Yesterday in an interview with Religious Right broadcaster Janet Mefferd, National Organization for Marriage president Brian Brown said that his group’s march against gay rights near the Supreme Court reminded him of the Civil Rights Movement. “I was not alive during the Civil Rights Movement but this is what it must have felt like,” Brown said.

This isn’t the first time Brown has compared anti-gay activists to the Civil Rights Movement, however, that hasn’t stopped him from criticizing President Obama for linking the movement for gay rights to the struggle for racial equality.

We were hoping for 5,000 people and we ended up with over 10,000. We filled the whole area in front of the court when we marched. It was a diverse coalition, we had African American leaders, Hispanic leaders, State Sen. Ruben Diaz brought 30 buses from the Bronx; it was just amazing. What I was most happy about, we talked about this before the rally, the way everyone conducted themselves. We were chanting, we were united but when folks tried to get in our way, there were some gay marriage protesters who tried to get in front of the march and stop us even though we had a permit, everyone just knelt down and started praying. I was not alive during the Civil Rights Movement but this is what it must have felt like, people were just so ecstatic to stand up and they did it in a loving, respectful way but they weren’t going to be silenced. I couldn’t be more happy with what happened today, I think it’s a huge step forward for the pro-marriage movement and I don’t think it’s going to be lost on the Supreme Court justices that we were there and we were there in force.

Earlier in the same program, Gary Bauer of American Values told Mefferd that young people tend to back marriage equality because “many of them have breathed the air of the poisoned culture,” and warned that any decision striking down anti-gay marriage laws “would be a serious disaster for our country.”

Bauer: Among young people many of them have breathed the air of the poisoned culture and they might have a different view on it but I do not believe the average college student, burdened with maybe $100,000 of student debt, looking at dim job prospects, is thinking first and foremost when they get up in the morning: wow, I sure do hope men can marry men.

Mefferd: Right, right.
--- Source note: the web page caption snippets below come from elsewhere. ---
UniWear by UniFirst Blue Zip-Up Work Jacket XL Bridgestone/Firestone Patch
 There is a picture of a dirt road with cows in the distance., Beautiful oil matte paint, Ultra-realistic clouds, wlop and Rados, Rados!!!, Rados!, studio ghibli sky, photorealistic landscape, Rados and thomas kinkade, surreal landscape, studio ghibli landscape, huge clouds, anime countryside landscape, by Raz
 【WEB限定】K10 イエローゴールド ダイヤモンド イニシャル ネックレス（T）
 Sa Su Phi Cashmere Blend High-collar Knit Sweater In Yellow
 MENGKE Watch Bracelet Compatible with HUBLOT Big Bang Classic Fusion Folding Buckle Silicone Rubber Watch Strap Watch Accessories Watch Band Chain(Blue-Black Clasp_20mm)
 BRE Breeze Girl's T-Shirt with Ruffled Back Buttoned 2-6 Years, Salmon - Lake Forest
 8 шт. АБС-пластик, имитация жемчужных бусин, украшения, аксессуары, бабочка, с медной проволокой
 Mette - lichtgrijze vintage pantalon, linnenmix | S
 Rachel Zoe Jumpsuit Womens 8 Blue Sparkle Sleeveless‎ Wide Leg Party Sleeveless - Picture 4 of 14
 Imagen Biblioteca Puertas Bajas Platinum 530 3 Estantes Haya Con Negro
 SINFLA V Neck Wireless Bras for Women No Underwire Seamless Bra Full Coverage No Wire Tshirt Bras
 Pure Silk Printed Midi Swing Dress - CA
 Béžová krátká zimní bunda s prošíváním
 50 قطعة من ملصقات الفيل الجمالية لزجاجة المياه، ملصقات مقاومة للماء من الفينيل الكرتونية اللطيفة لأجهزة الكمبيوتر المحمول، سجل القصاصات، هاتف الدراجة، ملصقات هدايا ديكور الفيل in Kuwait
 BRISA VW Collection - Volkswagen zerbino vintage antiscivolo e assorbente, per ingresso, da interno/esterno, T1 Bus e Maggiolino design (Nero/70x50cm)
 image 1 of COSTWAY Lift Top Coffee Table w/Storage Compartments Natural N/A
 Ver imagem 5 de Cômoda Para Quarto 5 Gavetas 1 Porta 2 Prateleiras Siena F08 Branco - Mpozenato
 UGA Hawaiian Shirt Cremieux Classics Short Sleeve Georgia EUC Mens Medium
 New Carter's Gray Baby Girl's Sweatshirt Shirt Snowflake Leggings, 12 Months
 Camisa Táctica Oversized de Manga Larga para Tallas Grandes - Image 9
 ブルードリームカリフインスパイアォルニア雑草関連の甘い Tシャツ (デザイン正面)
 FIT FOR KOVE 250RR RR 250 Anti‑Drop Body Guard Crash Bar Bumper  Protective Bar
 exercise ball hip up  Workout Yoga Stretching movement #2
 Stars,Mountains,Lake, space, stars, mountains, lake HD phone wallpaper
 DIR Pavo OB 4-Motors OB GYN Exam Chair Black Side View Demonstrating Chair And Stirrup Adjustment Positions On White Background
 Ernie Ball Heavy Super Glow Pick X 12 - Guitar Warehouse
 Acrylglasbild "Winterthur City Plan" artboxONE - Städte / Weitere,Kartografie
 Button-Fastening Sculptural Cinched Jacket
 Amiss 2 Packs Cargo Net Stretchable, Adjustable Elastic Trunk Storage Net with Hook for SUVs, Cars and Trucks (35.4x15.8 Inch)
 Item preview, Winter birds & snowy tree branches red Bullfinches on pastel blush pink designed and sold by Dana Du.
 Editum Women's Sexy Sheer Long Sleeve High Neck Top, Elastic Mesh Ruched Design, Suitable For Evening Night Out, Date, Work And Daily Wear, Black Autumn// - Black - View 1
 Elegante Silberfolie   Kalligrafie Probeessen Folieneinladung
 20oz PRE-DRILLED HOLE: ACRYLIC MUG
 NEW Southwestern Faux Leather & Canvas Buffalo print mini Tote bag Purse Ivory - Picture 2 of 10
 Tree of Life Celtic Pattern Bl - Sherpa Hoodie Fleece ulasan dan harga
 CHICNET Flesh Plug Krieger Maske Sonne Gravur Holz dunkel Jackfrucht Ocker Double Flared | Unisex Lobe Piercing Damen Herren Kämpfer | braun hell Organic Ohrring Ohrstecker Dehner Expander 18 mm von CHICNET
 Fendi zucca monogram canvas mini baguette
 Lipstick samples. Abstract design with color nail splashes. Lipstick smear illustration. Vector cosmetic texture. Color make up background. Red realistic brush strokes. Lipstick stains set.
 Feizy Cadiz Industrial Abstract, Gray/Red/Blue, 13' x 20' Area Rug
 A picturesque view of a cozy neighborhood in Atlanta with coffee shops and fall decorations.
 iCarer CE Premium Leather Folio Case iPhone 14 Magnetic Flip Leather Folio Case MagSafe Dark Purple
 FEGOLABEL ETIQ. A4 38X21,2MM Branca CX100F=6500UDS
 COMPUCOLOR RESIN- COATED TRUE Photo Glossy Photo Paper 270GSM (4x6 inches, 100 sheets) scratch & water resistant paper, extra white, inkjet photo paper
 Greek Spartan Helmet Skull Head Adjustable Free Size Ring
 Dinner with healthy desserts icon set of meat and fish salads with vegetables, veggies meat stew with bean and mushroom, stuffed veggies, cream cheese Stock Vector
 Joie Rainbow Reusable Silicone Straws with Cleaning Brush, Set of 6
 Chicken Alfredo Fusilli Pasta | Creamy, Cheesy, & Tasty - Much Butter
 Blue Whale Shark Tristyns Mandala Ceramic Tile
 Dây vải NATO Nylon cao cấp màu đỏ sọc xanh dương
I don’t think that’s probably a front burner issue for any of them either. This is interesting though, what we are hearing now from the news reports, the SCOTUS Blog had a number of people who were writing articles today about this, indicating that Justice Anthony Kennedy thinks, it may be the case, that the case should be dismissed with no ruling at all. Now I don’t know how many people expected that coming out of the court today but what is your take on this idea that they could just keep it to California, they may just decide to dismiss the case altogether?

Bauer: I’m hearing the same thing; it would be something of a surprise. I wouldn’t be dancing a jig if that’s the ruling but it sure is better than the ruling that I fear which is that this propaganda campaign will panic Kennedy and maybe even somebody like Chief Justice Roberts to rule that this is a constitutional right hidden in that same provision that has the right to abort babies and that every state’s vote has been struck down. That would be obviously a disaster not only for folks like us but I believe it would be a serious disaster for our country.